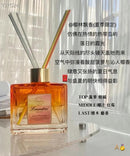 Laundrin无火香薰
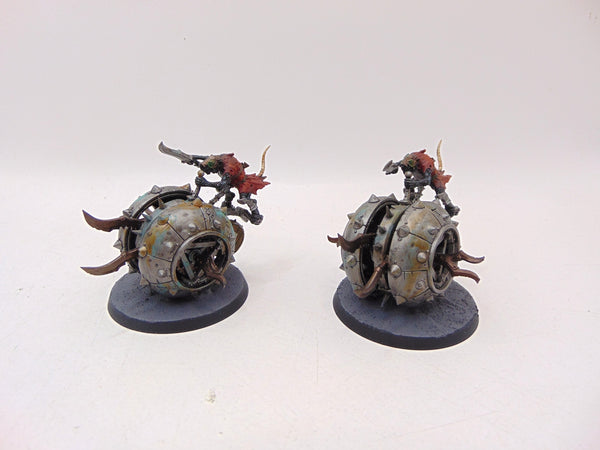Doom-Flayers
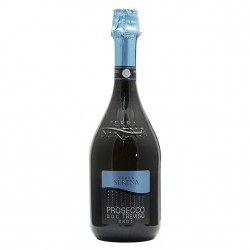 PROSECCO SPUM DOC BRUT...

= = =

* _WHAT YOU HAVE TO DO_
The data must come back word for word, with every picture removed.

* _EXPECTED OUTPUT_
 Laundrin无火香薰
Doom-Flayers
 PROSECCO SPUM DOC BRUT...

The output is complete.